■ **Task to carry out**
Include in the output exactly the lines from the opening of the data through the line containing "Peugeot katalog |", and nothing more.

▬▬▬▬▬▬▬▬▬▬

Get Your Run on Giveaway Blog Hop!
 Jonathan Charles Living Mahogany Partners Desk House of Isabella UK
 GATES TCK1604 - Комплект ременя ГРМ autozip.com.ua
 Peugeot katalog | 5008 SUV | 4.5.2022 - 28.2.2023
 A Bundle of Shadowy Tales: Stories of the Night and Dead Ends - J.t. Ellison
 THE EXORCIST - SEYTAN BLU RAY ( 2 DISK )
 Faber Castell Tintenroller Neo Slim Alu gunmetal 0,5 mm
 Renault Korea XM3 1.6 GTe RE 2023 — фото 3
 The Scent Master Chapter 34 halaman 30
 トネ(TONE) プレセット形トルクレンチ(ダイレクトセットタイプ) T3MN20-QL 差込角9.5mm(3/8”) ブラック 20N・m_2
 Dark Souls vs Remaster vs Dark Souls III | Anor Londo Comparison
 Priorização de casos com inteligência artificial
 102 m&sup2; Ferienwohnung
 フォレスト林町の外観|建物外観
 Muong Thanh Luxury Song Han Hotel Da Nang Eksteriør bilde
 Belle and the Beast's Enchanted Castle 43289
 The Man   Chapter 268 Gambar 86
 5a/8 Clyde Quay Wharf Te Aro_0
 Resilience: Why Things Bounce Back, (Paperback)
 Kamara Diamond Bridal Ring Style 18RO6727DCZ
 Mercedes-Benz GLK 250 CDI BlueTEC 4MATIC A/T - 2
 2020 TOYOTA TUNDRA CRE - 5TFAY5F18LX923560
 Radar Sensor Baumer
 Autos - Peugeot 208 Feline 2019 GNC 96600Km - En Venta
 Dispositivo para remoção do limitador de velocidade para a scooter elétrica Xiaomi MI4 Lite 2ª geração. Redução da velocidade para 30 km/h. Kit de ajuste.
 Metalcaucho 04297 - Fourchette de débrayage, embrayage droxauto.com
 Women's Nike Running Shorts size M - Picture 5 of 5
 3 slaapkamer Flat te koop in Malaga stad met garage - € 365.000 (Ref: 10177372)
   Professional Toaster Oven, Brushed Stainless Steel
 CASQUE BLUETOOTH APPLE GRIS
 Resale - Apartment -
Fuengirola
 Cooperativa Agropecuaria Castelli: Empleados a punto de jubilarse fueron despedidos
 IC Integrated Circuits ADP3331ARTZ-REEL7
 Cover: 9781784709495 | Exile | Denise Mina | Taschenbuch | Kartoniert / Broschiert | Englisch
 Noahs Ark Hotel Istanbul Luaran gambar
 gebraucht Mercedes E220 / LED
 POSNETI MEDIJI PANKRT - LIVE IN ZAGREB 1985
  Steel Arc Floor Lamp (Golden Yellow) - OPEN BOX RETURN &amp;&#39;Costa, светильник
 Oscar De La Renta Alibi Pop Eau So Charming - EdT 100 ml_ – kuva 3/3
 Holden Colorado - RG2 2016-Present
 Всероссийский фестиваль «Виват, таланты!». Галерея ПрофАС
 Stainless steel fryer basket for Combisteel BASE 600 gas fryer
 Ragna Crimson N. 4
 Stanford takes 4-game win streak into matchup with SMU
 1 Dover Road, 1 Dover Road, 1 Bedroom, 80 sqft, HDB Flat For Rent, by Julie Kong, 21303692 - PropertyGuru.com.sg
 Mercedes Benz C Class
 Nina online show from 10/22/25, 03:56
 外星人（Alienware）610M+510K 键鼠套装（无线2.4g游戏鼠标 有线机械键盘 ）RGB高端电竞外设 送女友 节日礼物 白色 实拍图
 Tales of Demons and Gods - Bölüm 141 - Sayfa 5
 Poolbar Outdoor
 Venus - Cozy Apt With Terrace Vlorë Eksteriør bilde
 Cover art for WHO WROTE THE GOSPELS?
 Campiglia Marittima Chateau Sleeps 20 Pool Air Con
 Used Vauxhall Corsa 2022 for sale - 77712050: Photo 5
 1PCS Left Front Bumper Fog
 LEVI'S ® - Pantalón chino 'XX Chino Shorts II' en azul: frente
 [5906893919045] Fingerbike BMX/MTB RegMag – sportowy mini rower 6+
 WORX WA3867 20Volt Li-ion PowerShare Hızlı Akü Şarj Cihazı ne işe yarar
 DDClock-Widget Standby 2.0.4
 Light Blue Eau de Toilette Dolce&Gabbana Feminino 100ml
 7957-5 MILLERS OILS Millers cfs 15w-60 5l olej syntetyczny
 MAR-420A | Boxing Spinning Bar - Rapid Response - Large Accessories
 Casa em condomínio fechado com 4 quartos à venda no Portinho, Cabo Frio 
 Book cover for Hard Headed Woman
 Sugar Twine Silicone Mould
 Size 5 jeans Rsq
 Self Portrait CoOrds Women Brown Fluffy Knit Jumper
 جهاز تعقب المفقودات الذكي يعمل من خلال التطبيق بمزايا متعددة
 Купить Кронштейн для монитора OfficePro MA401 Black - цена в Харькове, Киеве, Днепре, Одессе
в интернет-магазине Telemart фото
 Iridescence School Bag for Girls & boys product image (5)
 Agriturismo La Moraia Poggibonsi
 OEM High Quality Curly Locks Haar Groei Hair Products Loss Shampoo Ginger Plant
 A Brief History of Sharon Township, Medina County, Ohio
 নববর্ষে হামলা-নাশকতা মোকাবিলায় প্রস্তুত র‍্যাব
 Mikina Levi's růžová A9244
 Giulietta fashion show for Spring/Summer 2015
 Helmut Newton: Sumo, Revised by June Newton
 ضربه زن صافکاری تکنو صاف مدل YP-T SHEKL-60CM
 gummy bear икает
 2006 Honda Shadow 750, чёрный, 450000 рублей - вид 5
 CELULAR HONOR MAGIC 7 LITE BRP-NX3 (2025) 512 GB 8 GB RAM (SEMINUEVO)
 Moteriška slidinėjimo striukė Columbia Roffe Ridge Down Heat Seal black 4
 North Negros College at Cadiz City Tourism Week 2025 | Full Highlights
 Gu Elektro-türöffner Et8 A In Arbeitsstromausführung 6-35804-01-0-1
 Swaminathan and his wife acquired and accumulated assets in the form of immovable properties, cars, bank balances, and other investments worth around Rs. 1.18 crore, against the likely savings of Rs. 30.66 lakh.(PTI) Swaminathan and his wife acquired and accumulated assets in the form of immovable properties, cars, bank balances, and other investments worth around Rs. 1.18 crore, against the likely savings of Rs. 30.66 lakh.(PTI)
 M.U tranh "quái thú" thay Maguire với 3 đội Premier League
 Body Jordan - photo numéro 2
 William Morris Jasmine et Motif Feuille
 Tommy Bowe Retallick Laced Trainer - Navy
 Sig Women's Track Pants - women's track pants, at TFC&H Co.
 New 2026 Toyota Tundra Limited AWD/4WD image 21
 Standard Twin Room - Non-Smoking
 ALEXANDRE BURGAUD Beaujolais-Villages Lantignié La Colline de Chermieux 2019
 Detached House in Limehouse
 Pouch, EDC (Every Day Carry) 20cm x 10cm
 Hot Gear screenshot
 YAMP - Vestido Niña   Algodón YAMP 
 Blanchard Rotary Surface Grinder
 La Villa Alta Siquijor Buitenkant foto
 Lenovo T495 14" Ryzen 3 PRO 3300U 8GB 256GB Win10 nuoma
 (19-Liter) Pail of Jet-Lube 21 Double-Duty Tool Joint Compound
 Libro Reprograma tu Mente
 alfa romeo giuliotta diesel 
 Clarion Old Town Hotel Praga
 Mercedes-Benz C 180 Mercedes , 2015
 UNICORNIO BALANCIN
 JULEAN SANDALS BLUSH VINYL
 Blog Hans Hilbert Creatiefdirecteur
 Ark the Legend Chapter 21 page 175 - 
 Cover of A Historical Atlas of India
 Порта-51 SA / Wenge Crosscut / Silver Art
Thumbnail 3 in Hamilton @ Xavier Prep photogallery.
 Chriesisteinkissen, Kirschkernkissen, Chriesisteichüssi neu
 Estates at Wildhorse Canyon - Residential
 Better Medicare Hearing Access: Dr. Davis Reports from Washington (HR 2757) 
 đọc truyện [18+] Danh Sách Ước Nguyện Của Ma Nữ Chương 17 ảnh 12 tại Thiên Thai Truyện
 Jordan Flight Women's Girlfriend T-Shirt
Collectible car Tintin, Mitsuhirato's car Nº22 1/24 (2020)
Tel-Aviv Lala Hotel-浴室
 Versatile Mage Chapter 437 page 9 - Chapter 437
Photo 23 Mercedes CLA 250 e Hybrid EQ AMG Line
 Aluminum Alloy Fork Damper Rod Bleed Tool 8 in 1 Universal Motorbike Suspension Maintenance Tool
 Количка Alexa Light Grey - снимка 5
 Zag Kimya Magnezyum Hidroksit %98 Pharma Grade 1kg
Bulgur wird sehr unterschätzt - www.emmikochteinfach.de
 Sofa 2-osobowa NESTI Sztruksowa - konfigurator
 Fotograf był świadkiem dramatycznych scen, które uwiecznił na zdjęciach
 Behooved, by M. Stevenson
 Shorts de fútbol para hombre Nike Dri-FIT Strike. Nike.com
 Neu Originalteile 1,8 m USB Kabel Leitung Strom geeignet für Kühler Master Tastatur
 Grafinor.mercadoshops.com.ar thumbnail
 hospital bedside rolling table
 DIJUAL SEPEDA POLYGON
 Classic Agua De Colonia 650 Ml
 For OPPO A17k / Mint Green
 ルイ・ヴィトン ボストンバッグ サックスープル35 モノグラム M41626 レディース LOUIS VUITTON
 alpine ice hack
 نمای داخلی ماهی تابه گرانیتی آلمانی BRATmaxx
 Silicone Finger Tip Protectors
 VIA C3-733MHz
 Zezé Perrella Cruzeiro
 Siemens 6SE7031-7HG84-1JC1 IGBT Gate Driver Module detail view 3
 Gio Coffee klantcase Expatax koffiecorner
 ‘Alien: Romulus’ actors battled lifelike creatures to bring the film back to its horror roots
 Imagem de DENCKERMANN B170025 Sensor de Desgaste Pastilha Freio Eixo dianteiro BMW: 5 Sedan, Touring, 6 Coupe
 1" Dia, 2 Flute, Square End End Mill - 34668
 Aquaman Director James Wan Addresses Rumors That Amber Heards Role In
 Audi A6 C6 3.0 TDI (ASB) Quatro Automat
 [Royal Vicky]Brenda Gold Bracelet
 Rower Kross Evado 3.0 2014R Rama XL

▬▬▬▬▬▬▬▬▬▬

■ **Response**
Get Your Run on Giveaway Blog Hop!
 Jonathan Charles Living Mahogany Partners Desk House of Isabella UK
 GATES TCK1604 - Комплект ременя ГРМ autozip.com.ua
 Peugeot katalog | 5008 SUV | 4.5.2022 - 28.2.2023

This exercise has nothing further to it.